On the human interface side of explainability, researchers are developing ways to quantify what matters to humans in model output. These are methods that allow us to rigorously measure plausibility, faithfulness and stability of model outputs. Emerging design patterns like confidence tags to indicate where a model is certain or not, expandable links to references, and visually mapping model attention to outputs all provide intuitive human-readable explanations.
For those of us who interact with LLMs in the form of customer service chatbots or report summarizers knowing that there are fundamental rules to their behavior may not be important. As deep learning models are introduced to more and more critical areas of our daily lives though, being able to causally explain behavior by referring to fundamental principles and laws that govern that behavior throughout the learning and predicting process is critical. We need to not only be able to interpret model behavior but explain the rationales and the values encoded into those models.

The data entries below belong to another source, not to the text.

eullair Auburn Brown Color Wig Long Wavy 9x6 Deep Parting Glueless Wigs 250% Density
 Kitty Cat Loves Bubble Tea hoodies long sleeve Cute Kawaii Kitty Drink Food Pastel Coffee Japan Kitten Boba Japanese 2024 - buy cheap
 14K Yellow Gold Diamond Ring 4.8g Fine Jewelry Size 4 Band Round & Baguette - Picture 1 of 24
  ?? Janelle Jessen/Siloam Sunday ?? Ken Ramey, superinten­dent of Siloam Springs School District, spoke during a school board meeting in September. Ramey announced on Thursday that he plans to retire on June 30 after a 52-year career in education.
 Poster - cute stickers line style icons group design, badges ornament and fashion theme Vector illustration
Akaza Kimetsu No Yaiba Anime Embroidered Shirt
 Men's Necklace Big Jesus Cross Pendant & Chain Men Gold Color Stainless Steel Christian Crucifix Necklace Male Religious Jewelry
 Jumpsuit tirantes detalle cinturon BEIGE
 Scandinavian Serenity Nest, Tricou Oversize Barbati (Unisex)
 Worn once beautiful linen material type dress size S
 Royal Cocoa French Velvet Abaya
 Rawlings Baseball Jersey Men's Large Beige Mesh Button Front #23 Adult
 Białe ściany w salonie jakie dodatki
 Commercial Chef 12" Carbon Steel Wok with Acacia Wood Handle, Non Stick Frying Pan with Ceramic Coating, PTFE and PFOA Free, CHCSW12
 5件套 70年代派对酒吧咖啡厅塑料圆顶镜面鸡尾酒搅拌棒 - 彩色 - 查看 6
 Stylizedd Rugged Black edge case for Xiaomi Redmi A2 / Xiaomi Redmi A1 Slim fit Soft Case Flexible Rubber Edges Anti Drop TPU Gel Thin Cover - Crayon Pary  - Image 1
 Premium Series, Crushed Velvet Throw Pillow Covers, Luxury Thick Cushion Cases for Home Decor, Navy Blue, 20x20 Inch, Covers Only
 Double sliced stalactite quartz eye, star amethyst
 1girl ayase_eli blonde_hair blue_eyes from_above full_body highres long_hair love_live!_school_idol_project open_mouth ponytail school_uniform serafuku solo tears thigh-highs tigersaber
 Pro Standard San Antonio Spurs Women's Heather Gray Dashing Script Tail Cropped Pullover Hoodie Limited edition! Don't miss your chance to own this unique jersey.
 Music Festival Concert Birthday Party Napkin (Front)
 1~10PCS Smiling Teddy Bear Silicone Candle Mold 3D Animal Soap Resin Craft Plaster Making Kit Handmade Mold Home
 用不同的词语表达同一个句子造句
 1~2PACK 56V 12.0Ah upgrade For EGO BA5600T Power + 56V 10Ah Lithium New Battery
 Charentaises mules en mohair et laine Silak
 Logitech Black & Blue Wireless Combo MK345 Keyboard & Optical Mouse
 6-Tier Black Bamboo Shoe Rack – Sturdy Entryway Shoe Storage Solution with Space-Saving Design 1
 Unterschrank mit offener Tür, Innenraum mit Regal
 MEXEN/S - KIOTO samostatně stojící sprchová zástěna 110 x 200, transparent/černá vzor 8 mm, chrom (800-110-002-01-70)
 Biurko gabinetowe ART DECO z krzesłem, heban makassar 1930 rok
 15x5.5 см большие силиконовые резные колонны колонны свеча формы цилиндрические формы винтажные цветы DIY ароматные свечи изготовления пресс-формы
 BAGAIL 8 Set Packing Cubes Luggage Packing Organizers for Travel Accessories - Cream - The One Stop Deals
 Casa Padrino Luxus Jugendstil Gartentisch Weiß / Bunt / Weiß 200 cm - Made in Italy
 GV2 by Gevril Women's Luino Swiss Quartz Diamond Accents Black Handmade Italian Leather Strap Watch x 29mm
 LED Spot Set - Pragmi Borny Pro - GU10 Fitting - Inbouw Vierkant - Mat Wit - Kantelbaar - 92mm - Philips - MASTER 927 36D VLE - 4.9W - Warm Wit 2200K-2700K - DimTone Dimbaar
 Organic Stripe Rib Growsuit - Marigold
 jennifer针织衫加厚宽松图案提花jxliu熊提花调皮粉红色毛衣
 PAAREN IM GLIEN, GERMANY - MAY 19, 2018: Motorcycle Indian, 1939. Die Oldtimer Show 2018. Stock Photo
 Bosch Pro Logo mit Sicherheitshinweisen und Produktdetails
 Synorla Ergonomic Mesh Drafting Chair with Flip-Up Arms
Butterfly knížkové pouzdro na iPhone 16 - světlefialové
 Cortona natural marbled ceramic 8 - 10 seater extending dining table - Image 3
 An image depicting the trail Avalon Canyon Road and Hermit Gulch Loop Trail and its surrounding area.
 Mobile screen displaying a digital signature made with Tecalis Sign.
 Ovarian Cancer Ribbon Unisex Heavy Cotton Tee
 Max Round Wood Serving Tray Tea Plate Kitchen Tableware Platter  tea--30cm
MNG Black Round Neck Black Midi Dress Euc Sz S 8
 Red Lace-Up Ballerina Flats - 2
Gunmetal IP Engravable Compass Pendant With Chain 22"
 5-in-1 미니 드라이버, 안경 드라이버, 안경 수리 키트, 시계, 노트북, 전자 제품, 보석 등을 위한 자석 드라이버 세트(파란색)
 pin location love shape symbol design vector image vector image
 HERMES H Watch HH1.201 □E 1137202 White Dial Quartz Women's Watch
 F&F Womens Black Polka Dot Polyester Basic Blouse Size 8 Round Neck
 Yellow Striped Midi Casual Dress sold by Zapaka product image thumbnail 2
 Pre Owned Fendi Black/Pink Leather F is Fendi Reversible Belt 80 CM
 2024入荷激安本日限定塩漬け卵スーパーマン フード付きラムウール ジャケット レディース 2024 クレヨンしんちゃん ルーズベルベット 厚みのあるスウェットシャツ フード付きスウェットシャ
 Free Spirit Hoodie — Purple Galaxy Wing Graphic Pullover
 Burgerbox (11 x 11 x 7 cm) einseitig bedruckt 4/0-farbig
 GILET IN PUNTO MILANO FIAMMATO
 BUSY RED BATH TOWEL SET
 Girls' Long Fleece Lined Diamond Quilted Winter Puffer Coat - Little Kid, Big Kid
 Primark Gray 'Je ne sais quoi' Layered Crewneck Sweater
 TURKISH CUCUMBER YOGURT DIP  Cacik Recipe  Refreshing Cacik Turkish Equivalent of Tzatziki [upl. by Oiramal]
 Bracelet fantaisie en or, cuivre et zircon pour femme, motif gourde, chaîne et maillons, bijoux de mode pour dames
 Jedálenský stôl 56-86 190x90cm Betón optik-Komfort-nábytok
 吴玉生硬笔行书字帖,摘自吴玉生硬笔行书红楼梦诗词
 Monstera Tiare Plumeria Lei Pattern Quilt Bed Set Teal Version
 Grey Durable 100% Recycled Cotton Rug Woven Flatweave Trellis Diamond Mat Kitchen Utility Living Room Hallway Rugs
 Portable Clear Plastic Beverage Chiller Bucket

This means not only giving ourselves tools to interpret but also creating models that rigorously encode specific rules that we can trust.
Understanding the fundamental characteristics of the behavior of AI systems gives us a comprehensible world that we can rely on and build. In the absence of a way to meaningfully explain the phenomena that we observe we end up living in uncertainty, superstition, speculation and suspicion. If we want models that can help us make vital and meaningful decisions, we have to be able to understand and explain their behavior to ourselves and to the rest of the world clearly and accurately.